They Can Always Print More Money But We Can't Print More Time

• https://www.zerohedge.com, by Charles Hugh Smith

"No matter how much money I make, they will always print more. I can't print anymore time."

The source of this quote is correspondent T.D., who shared the story of an acquaintance of his who was offered a high-paying and very demanding corporate position that would have left him nominally wealthier in terms of money but much poorer in terms of time and energy remaining after trading away the bulk of his time and energy for the higher pay.

The acquaintance turned the position down and cut the number of hours he was working, with this explanation: "No matter how much money I make, they will always print more. I can't print anymore time."

The point here is that central banks and state treasuries can always print more money, a process which reduces the purchasing power of the money they've issued. We can trade more hours for more money, but this extra money buys less.

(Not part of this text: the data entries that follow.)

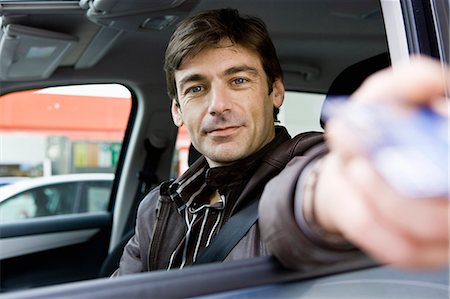 drive-thru - Mid-adult man in drive-thru handing credit card to check-out window clerk Stock Photo - Premium Royalty-Free, Code: 695-05770985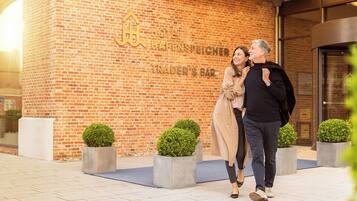A couple walking in front of a building with a brick facade and a sign that reads "Hotel Hafenspeicher Trader's Bar."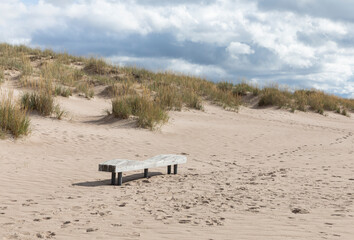 Sand, beach and a bench for resting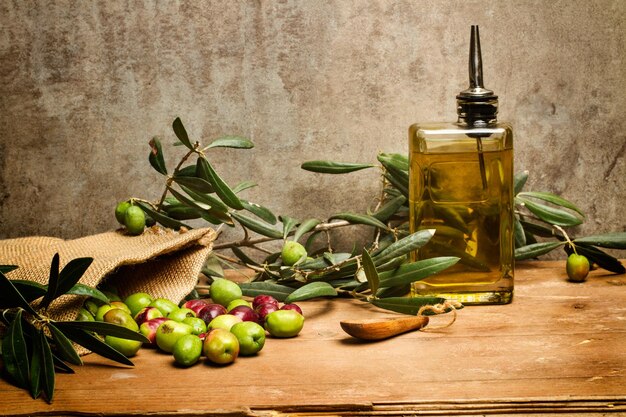 Olive in un sacco di tela e una bottiglia di vetro di olio d'oliva su un tavolo di legno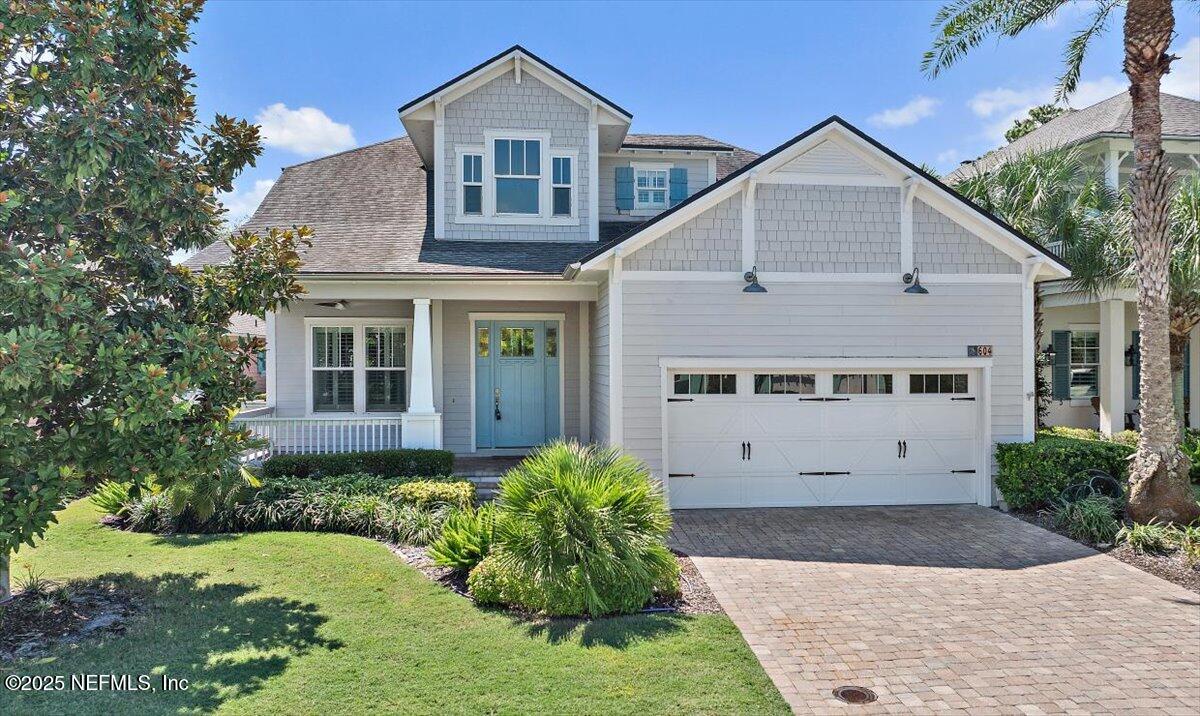 604 Timber Bridge Lane Atlantic Beach, FL 32233 - Photo 2 of 46 a view of a house with a yard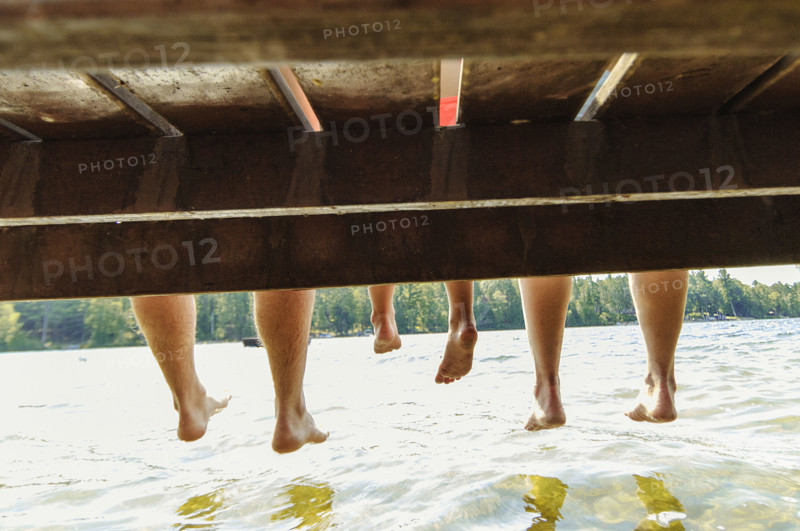 Family with dangling feet sitting on dock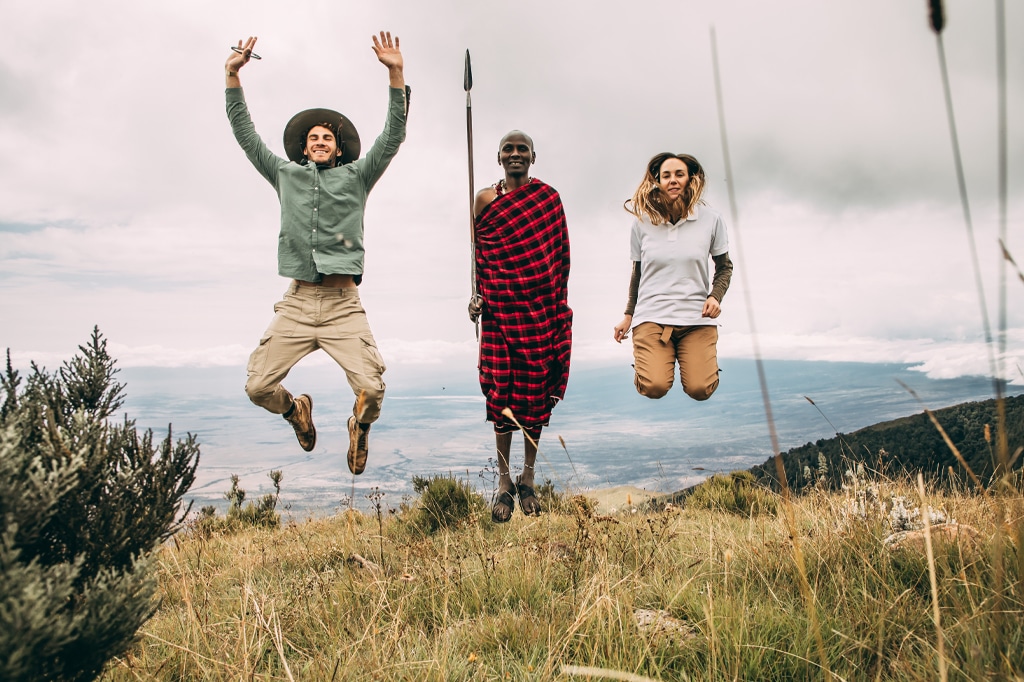 Couple visitors jumping with young Maasai man at Ngorongoro Crater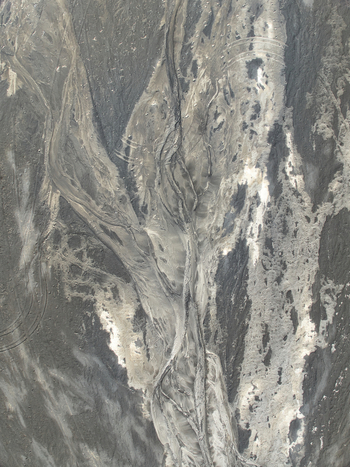 Aerial view of the volcanic landscape near Maelifell featuring dark volcanic sand intricate glacial river patterns and textured terrain in Kirkjubaejarklaustur Skaftarhreppur Iceland. Aerial view of the volcanic landscape near Maelifell featuring dark volcanic sand intricate glacial river patterns and textured terrain in Kirkjubaejarklaustur Skaftarhreppur Iceland.
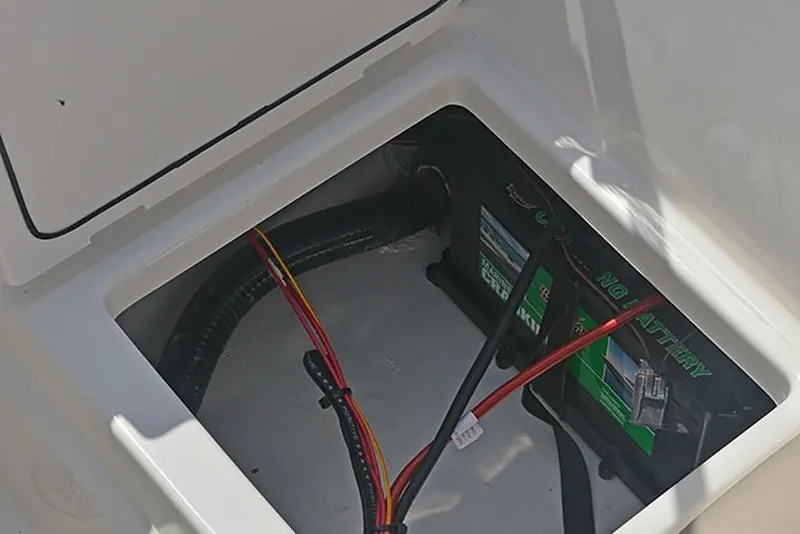 Slide: The Image of Battery compartment of 2023 NauticStar 193 Side Console boat. - 27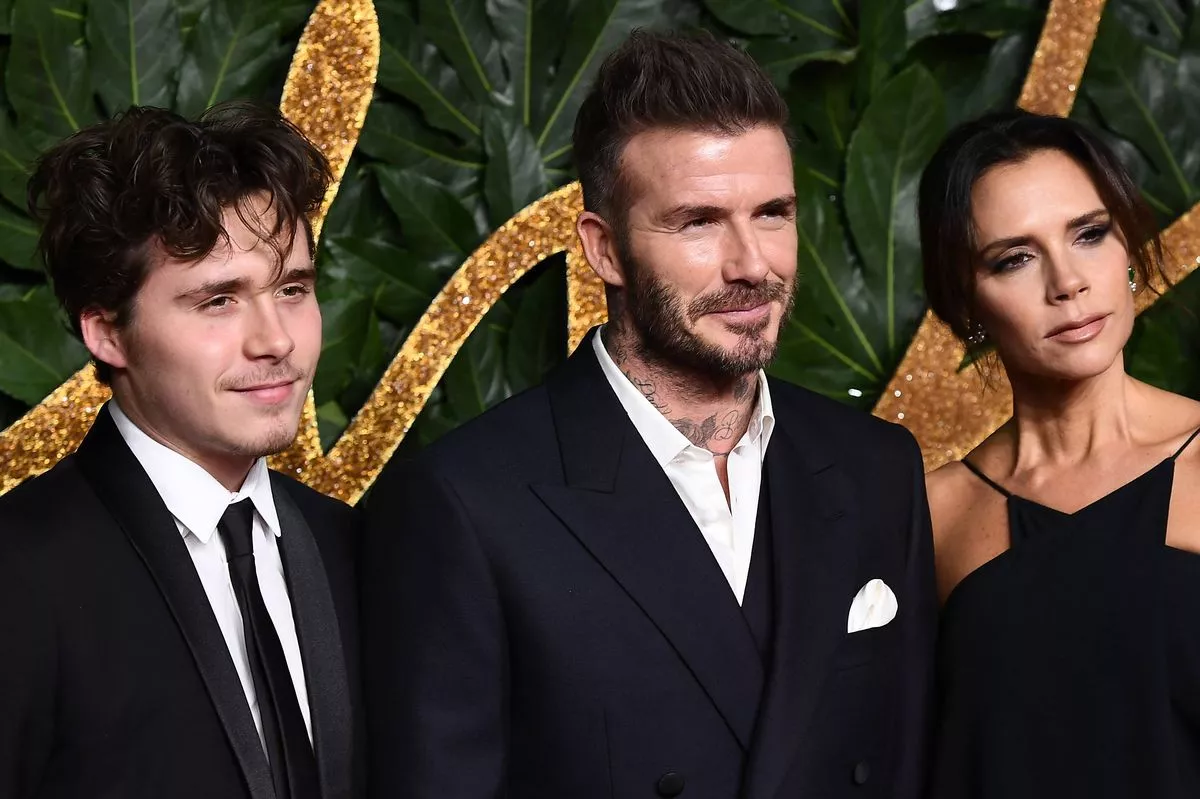 Brooklyn Beckham, David Beckham and Victoria Beckham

No matter how much more of our time we trade for more of this created-out-of-thin-air currency, we will never be able to overcome their power to create near-infinite currency, which put another way is the power to devalue the money we trade our time for and thus devalue our time.

This is an asymmetry that should inform our decisions going forward: They Can Always Print More Money But We Can't Print More Time.

In other words, they can devalue the money we trade our time for at will but we can't create more time.

As catalogued in the monumental history, Global Crisis: War, Climate Change and Catastrophe in the 17th Century, the history of governments' response to crisis is depressingly repetitive: virtually without exception, every government devalues its currency in response to the soaring costs of conflict (and placating elites) and the concurrent plunge in tax revenues.